I have read the article, and most of the back and forth.  Couple of
observations.

I will assume the "bite" that has been described occurs, and, that
like Scott and Jeffrey have stated, it is repeatable.  

First, if all the posts were written to point out a potential "thing",
that thing has been made well known by this point x 20.

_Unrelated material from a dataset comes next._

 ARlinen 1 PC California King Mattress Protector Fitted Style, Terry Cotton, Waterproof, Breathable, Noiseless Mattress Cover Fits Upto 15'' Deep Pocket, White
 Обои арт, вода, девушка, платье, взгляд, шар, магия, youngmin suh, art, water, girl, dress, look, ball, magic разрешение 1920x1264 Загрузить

Second, to what Jeffrey has said.  Most everyone that has a car and a
helmet believe they are "pretty damned good drivers".  If in fact you
are a good driver, you know what I am saying is true.  Fact is,
though, IF this bite is something that can be induced in a torsen car,
above a given ___/10ths driving method, and under repeatable
conditions [ie., everytime on that 3rd curve using the high line at
70] and you continually induce it, and, as several write--it is a
dangerous loss of control "thing", then that is driver error by
definition, unless you are some kinda test pilot.  Like saying "it
hurts when I poke my finger in my eye".  Ah, don't poke your finger in
your eye?
If the design has "bit" you, and you know when and how, stop doing
whatever it is you are doing.

 
Most of the cars I have read about on this list are not race cars. 
The very few exceptions don't appear to be road driven.  Instead, most
are big-assed family sedans.  Now, I don't know where this "bite"
occurs, but I have taken the off ramps at 80+, have driven more in
gravel [fast] than anyone on the list short of a professional
rally-man / woman, in the wet, etc.,at speeds which most [present
company included] would judge to be purely insane, dangerous,
negligent, etc., and it either has not happened, or I am too dumb to
feel it.  

So, this is my final thought.  Some say it happens.  Fine.  I will
agree because those saying it happens are "pretty damned good drivers"
and have no reason to lie about this.  But, so what?  If it is
inherent in the design, either stay away from the design or keep the
design away from the places where you have induced the behavior. 
Finding a car's [or driver's] limits is one thing, and probably a good
thing.  But to continually operate a machine beyond the safe limits of
the design...why?  

Better still, make this topic a positive learning experience.  Tell
people exactly where it is induced [speed, degree of turn, banking,
pavement characteristics, what you were doing with left foot at the
time, etc.,] and, maybe people can prevent it from happening to them,
ie., not induce the behavior that is dangerous.